● Exercise brief:
Return only the stretch of the material below that begins with the line containing "Track ratings" and ends with the line containing "最佳现金持有量的确定方法", exactly; both of those lines belong to it.

● Exercise data:
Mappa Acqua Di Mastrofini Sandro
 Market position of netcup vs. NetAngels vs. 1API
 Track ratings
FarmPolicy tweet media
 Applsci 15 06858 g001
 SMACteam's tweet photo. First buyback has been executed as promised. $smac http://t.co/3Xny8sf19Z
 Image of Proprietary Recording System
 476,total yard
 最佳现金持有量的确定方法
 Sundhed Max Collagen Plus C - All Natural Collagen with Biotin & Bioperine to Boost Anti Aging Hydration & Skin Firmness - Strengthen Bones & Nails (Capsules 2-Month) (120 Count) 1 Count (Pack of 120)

● Exercise result:
 Track ratings
FarmPolicy tweet media
 Applsci 15 06858 g001
 SMACteam's tweet photo. First buyback has been executed as promised. $smac http://t.co/3Xny8sf19Z
 Image of Proprietary Recording System
 476,total yard
 最佳现金持有量的确定方法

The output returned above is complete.